_Data to process_
--*--

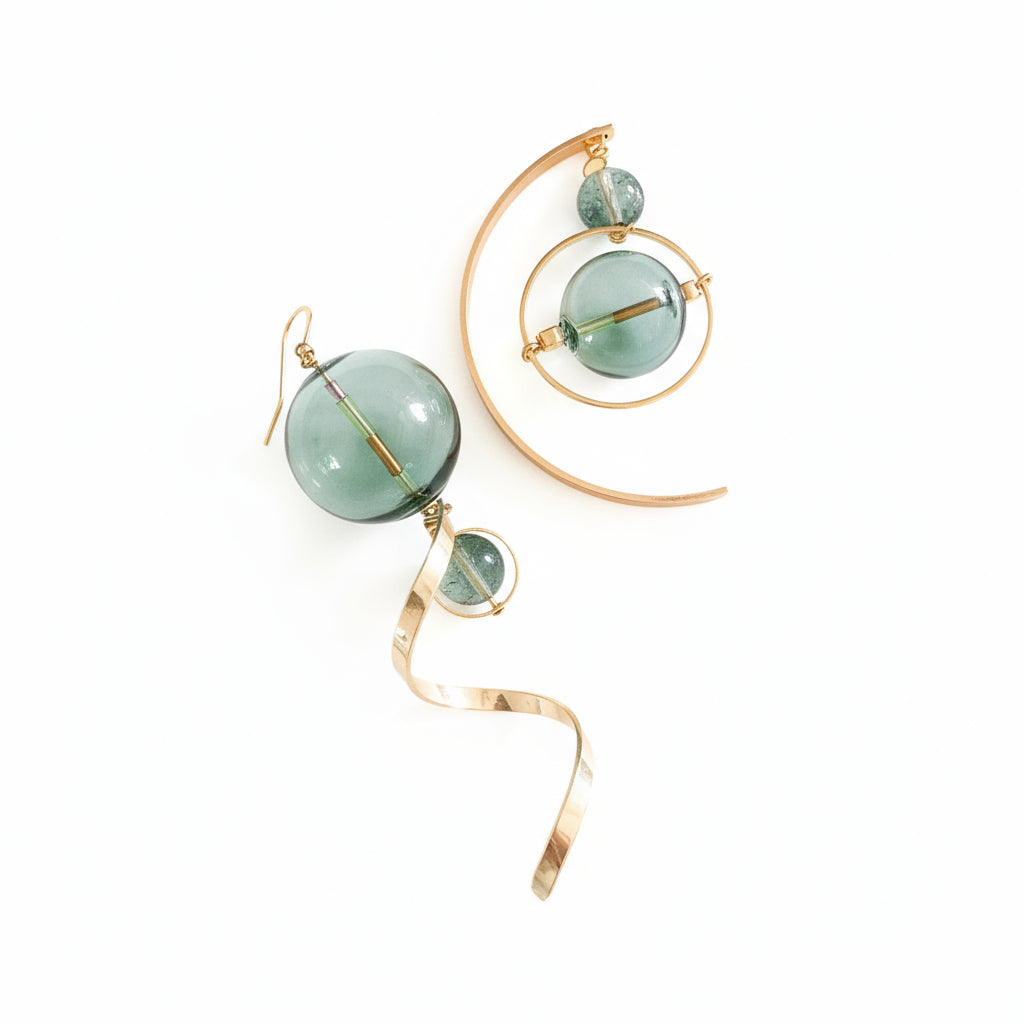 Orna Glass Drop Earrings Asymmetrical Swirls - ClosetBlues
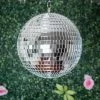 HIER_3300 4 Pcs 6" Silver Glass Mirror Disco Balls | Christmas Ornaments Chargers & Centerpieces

--*--

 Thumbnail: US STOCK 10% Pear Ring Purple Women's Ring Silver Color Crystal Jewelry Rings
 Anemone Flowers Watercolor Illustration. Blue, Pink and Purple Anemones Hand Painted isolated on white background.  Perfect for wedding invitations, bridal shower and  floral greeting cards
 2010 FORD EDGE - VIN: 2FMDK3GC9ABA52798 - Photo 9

--*--

_Problem to work on_
Only those lines of the entries above that run from the line containing "Thumbnail: US STOCK" to the line containing "2010 FORD EDGE", both included, should be transcribed exactly.

_Response below_
 Thumbnail: US STOCK 10% Pear Ring Purple Women's Ring Silver Color Crystal Jewelry Rings
 Anemone Flowers Watercolor Illustration. Blue, Pink and Purple Anemones Hand Painted isolated on white background.  Perfect for wedding invitations, bridal shower and  floral greeting cards
 2010 FORD EDGE - VIN: 2FMDK3GC9ABA52798 - Photo 9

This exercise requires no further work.